The Ninja were masters of stealth and silence, and they trained techniques day and night to ensure they were masters at the art of being unseen and unheard. It was through rigorous training the ninja were able to successfully ensure that every ninja would acquire the necessary skills to be stealthy and effective.
The training covered by the ninja would cover various areas, from hiding techniques, allowing them to remain unseen to walking techniques that enabled them to be silent in any environment. We will explore the various methods and systems the ninja employed to master their stealth techniques.
Essential to any ninja was the ability to conceal oneself at a moments notice. Whether the ninja was indoors or outdoors this ability was paramount, but typically these techniques were designed to work in the outdoors.

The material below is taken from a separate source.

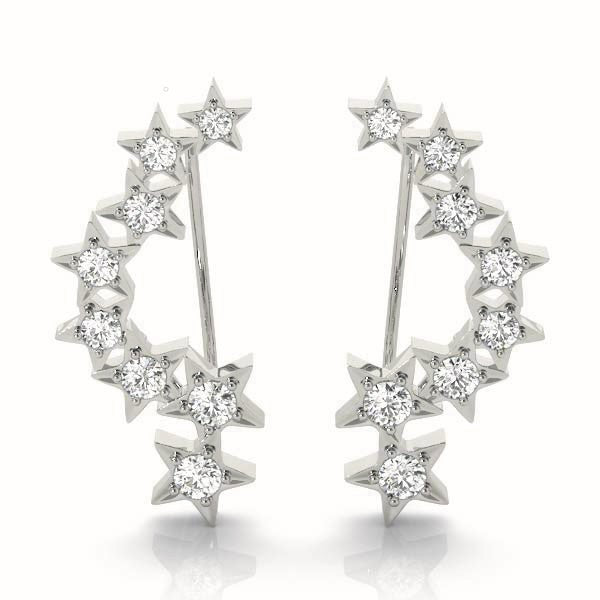 White Gold Lab Diamond Ear Climber Earrings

To utilize the Uzura-gakure was to crouch down and place your arms in front of your face and your head down. This position in darkness would leave the ninja looking simply like a traditional Japanese garden stone.
To hide using kannon-gakure was to press your body close to the wall, cover your face with your arm and to practise your ninja breathing techniques to slow your heart and silence your movements.
To hide using tanuki-gakure was simply to look for the nearest suitable tree. The goal was too choose a big, and leafy tree and to quickly and quietly climb and hide within a dense patch. It was advisable when in place to stay incredibly still and it was common for the ninja to employ slow breathing techniques.
To successfully break into a target building or location, and to achieve a mission would often require the use of silent movement. the ninja were of course highly aware of this and practised many walking techniques that enabled them to traverse a diverse mix of situations and environments. We will detail all these methods below.
The primary walking move, the shinobi-ashi was to walk carefully and with poise, first placing the fourth, then middle toe on the ground and smoothly rolling down to the heel. The shinobi-ashi was a great walk when time was in abundance, as the gentle and flowing nature of the foot roll allowed almost silent movement.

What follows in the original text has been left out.